→ **What the task asks**: Return each line of the records with nothing changed, pictures excepted.

→ **Data provided**:
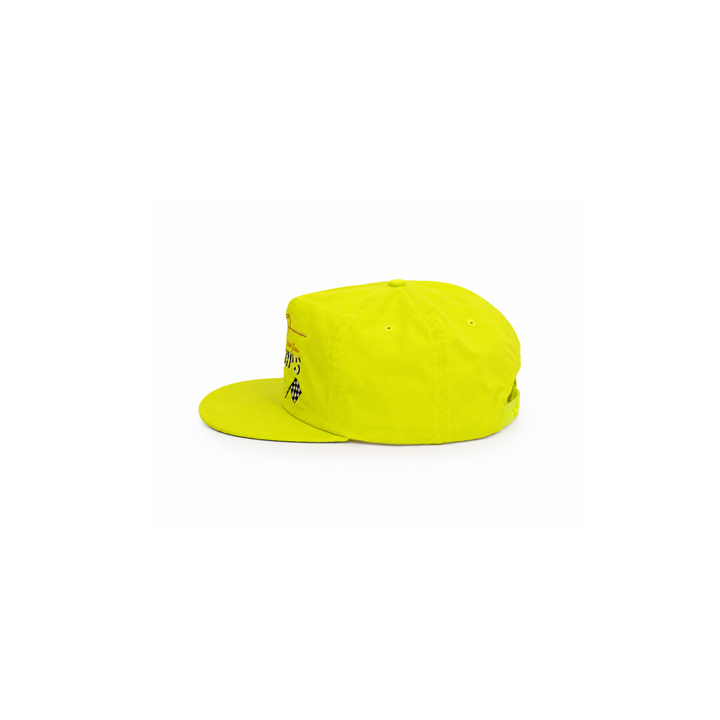 Vintage Neon Yellow &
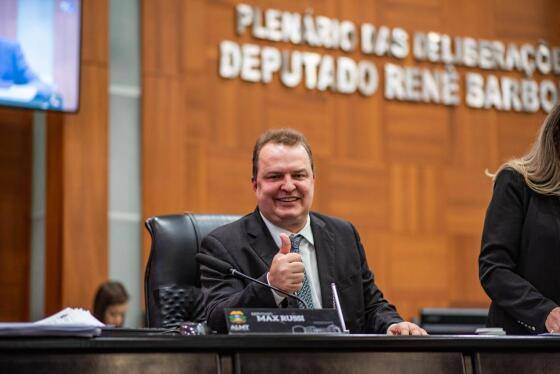 max-russi-e-eleito-presidente-da-assembleia-legislativa-de-mato-grosso-por-unanimidade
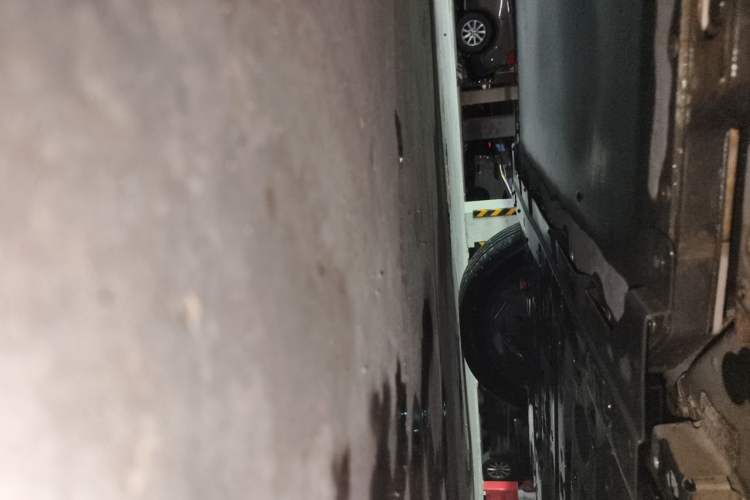 Used BYD Yuan PLUS 2023 Champion Edition 510KM Excellence Model Chassis Front Right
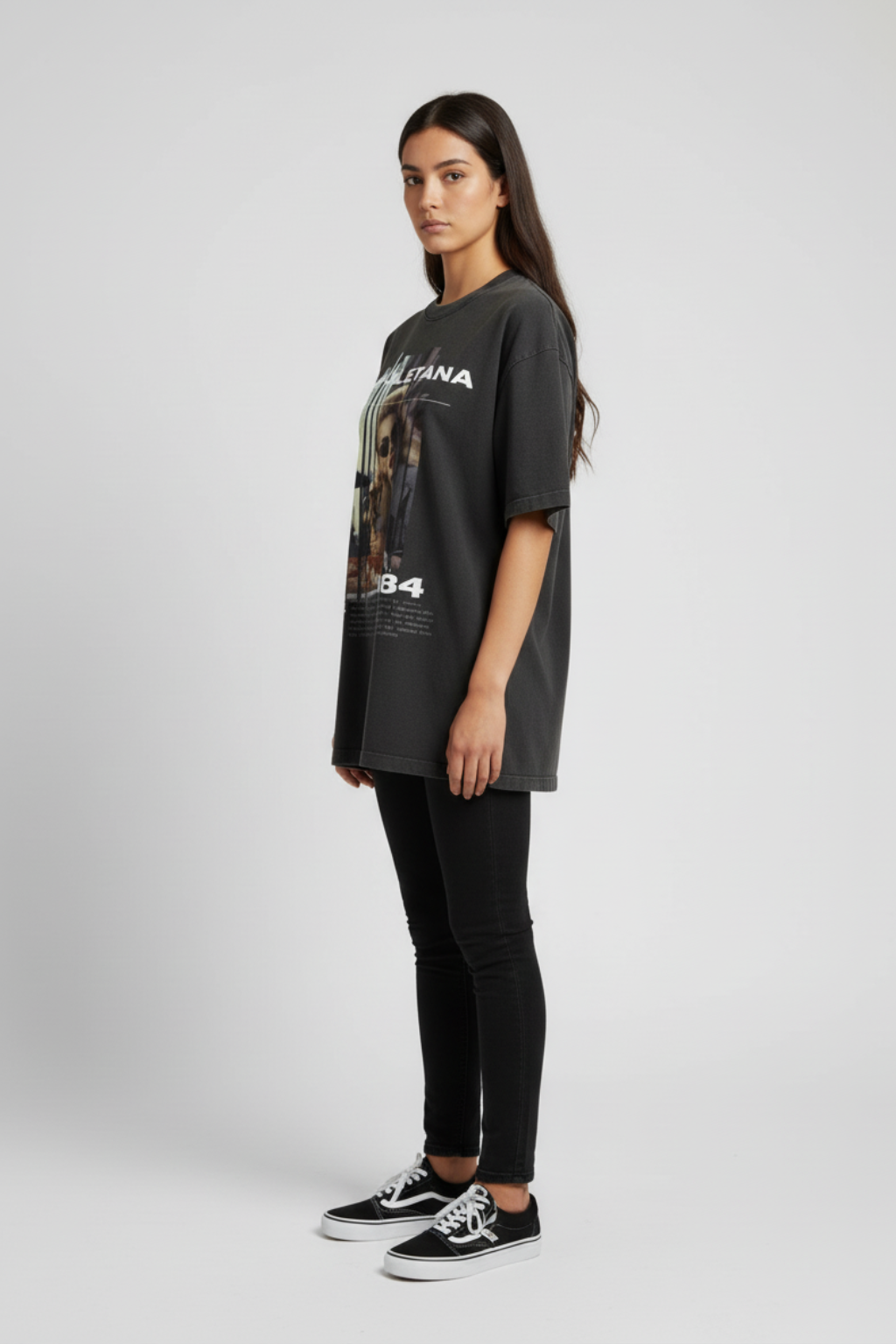 Napo 1984 Oversized T-Shirt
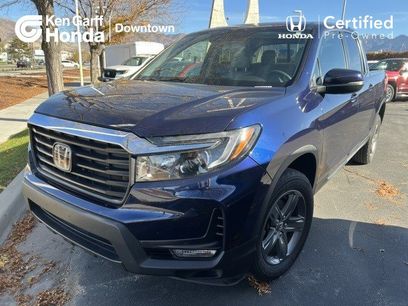 Used 2022 Honda Ridgeline RTL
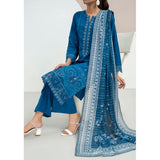 Anmaol Printed Embroidered Unstitched 3pcs Suit - 1016, Women, 3Pcs Shalwar Suit, VS-Daman, Chase Value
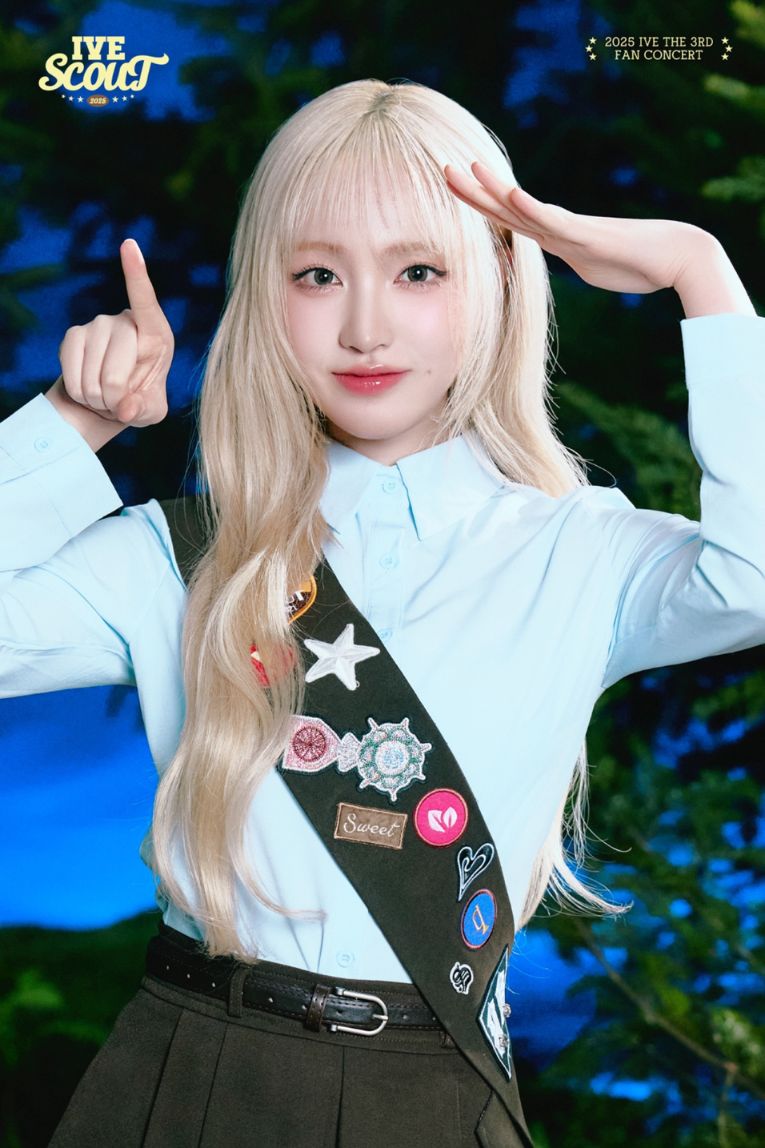 IVE Scout - Concept Photo LIZ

→ **Reply**:
 Vintage Neon Yellow &
 max-russi-e-eleito-presidente-da-assembleia-legislativa-de-mato-grosso-por-unanimidade
 Used BYD Yuan PLUS 2023 Champion Edition 510KM Excellence Model Chassis Front Right
 Napo 1984 Oversized T-Shirt
 Used 2022 Honda Ridgeline RTL
 Anmaol Printed Embroidered Unstitched 3pcs Suit - 1016, Women, 3Pcs Shalwar Suit, VS-Daman, Chase Value
 IVE Scout - Concept Photo LIZ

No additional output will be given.